In 1925 the composer, then just 20-years-old, graduated from the conservatory and premiered his “Symphony No.1” as his graduating thesis to jubilant reception. His “Symphony No.2” premiered only two years later. Inspired by his friendship with composer and musicologist Boris Asafiev, and fueled by his strong affinity and reverence for theatre director Vsevolod Meyerhold, the idea of ‘The Nose” was created around this time. From 1927 to 1928, the young composer began writing what would become one of Russia’s most transformative operas, having taken the job as musical director of the Meyerhold Theater (GOSTIM). It was here that the opera would be later premiered.

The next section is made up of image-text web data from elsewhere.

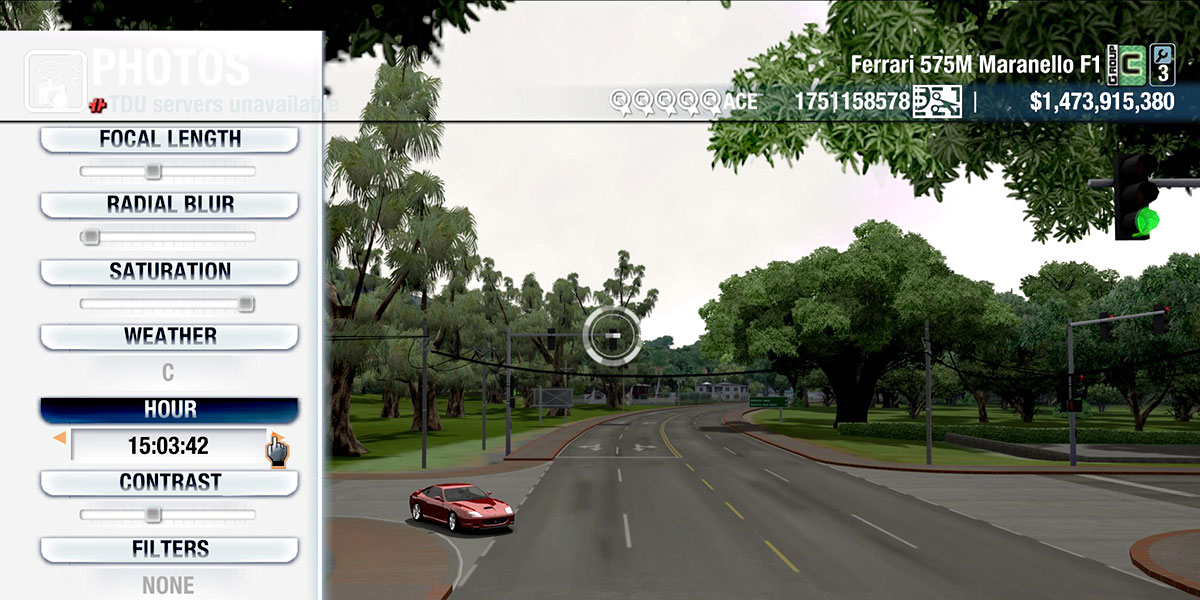 Eternal Skies - No ingame HDR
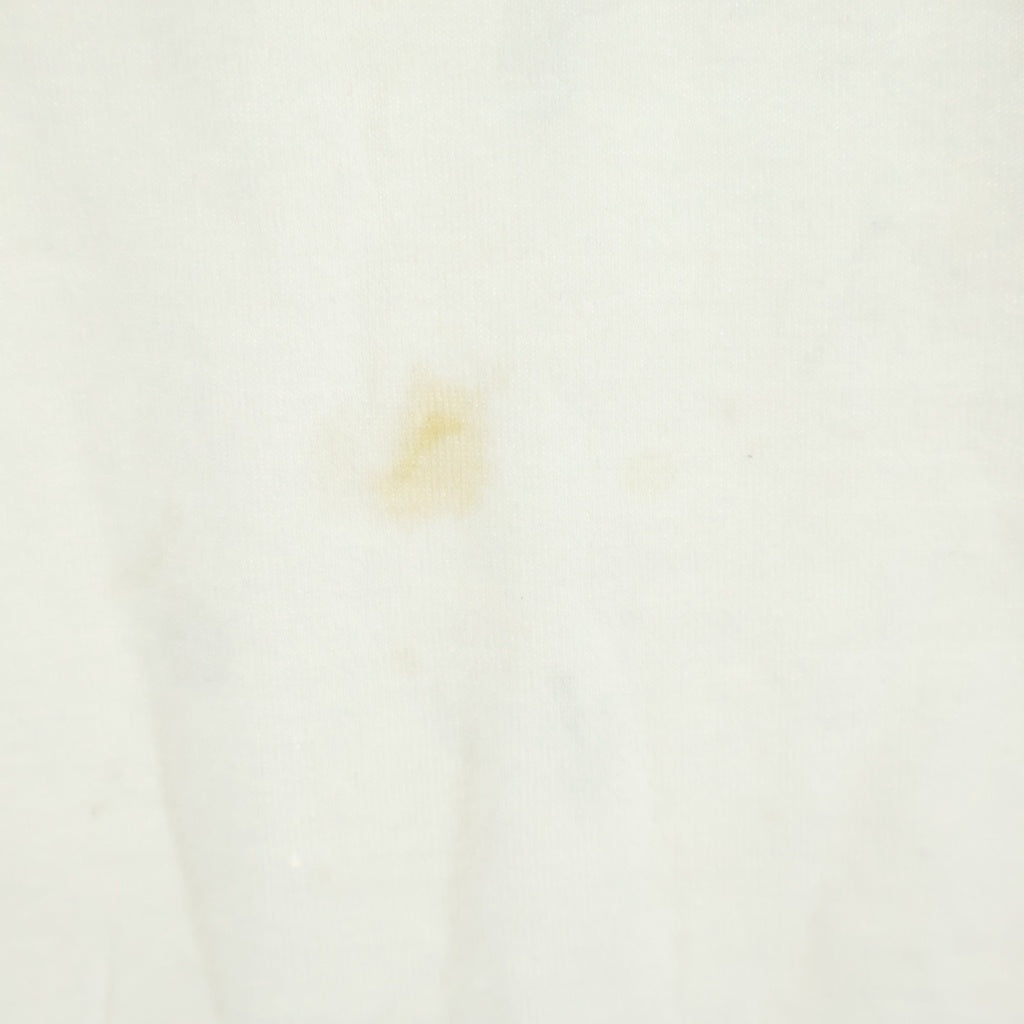 CELINE(セリーヌ) Logo Loose T-Shirts RX0AY671Q フロントルーズフリッキーロゴプリント クルーネック半袖Tシャツカットソー ホワイト
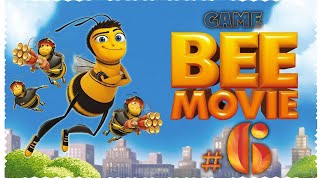 Bee Movie Game ✔ {Серия 6} Следим За Монтгомери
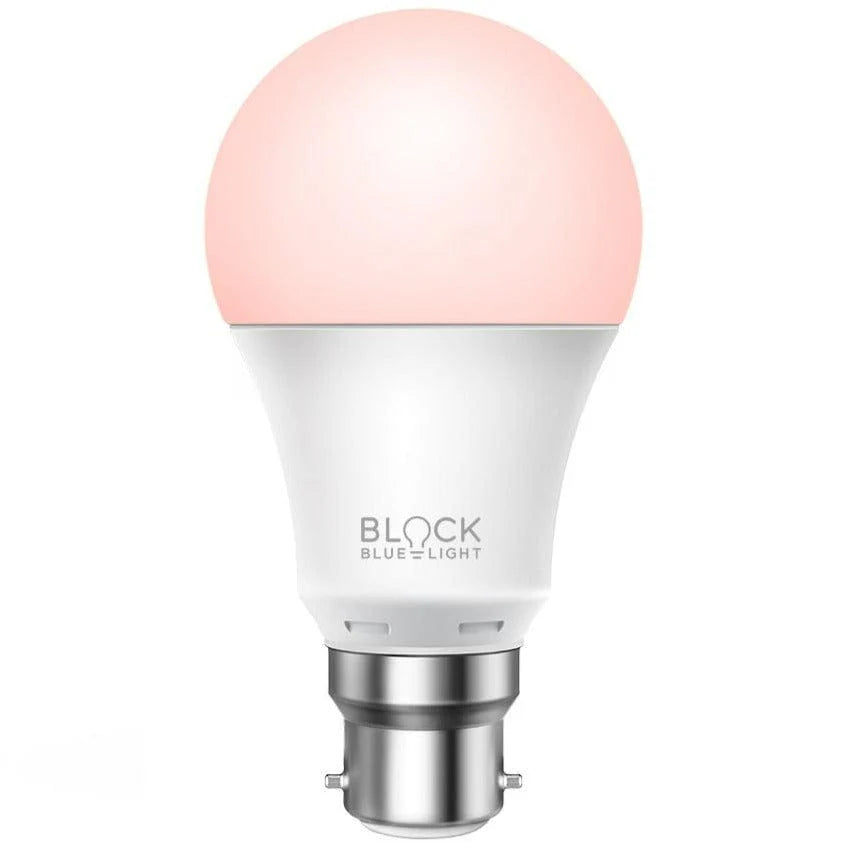 Twilight Red Light Bulb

The actual process of writing the opera was concise, taking him less than three months. The process of bringing it to the Leningrad stage, however, was more than six months long due to bureaucratic complications. Shostakovich had expressed his desire for the opera to be directed by Meyerhold, but because of this request, the premiere had to be postponed considerably.

After a few concert performances in 1929, on January 18, 1930, “The Nose” at last premiered at the Leningrad State Maly Opera Theater (MALEGOT)—today known as the Mikhailovsky Theatre in St. Petersburg. Reviews of the performance were relatively split. The audience largely found the whole thing a fascinating and novel experience. More formal observers were however torn between their detestation of its ‘formalist’ elements and their recognition that the work was a revolutionary step forward for the Soviet opera project.

While many critics, like musicologist Valerian Bogdanov-Berezovsky, ridiculed the opera as something inherently dangerous, ‘sexualizing’ the bourgeois existence with its inaccessible musical language, others, like critic Ivan Sollertinsky, saw Shostakovich as a liberator, someone who had taken Soviet opera and radically transformed its very being.

As he wrote, “This is the first original opera written on the territory of the USSR by a Soviet composer.”

Though Gogol’s story’s was largely incompatible with the Socialist worldview—which comprised of workers, proletariat, and paradise, not surrealist critiques of authority—Sollertinsky believed the opera’s main contribution to history was as a benchmark for future operatic creativity within the Soviet Union itself: ‘The nose is a real encyclopedia for young Soviet composers.’ 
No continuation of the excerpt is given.